Well, we took a stroll. Hands thrust in our pockets to avoid the
temptation of what we had become accustomed to on our walks--the
usual holding of hands and caressing of fingers as topics flowed
unhindered by shame or ignorance. And we maintained a more than an
ordinary distance; didn't let our shoulders touch. And the conversation
turned from the TWA aeroplane disaster as we passed through the park
gates and on to the subject that we were compelled (by proximity and
circumstance) to discuss. Why the distance? And why the
tension?
Let's be blunt; cut to the chase; let it all out: she was leaving me to go back to an ex who used to rough her up. Let me tell you, that news roughed me up.
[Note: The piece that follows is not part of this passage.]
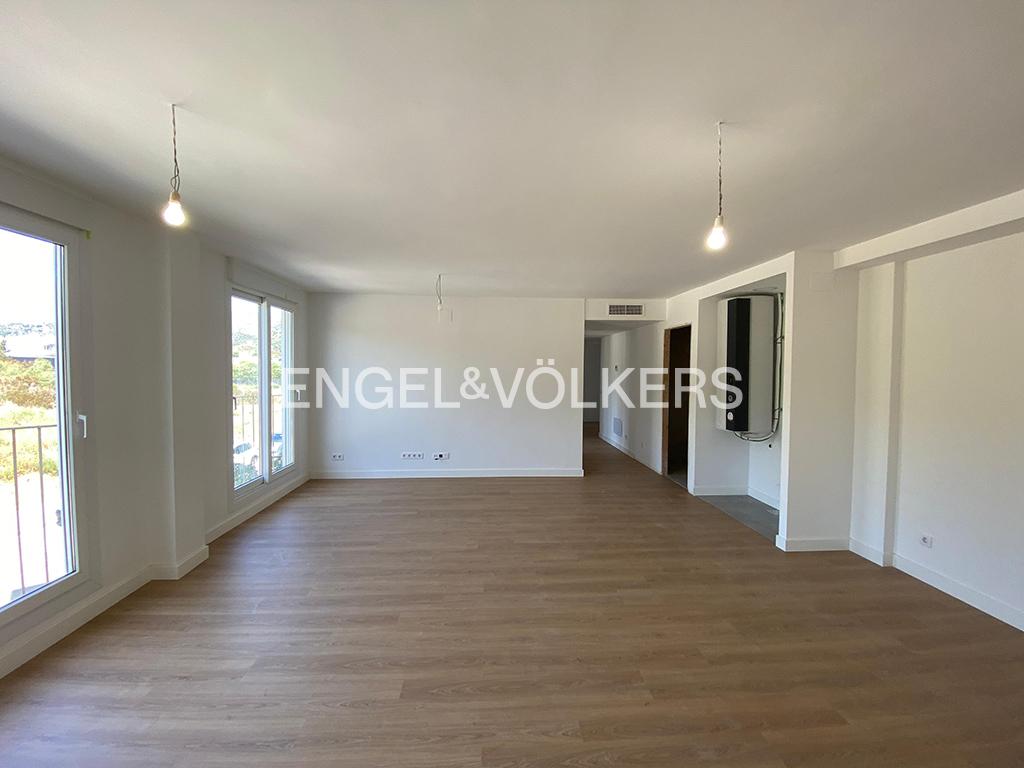 2 - verkauf wohnung strandpromenade llança katalonien spanien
The walk ended with a visit to the pub and several pints of Guinness doctored by her tears, yes, her tears. The slow wind home brought us to the final stage of the night together: the walk home and the parting by the doors: apartments A and B, of the same house, of the same street.
Slam. Creak, Slam. Her door closed marginally after mine.
I've been reading tonight and thinking about poems which are rather appropriate to all this. Forgive, I feel compelled to share this with you. The first is by Wallace Stevens. He wrote the poem, "The Man With the Blue Guitar" that I read to her just a few weeks ago. This poem, seems to contain the right sentiment that I'm searching for at this moment... read...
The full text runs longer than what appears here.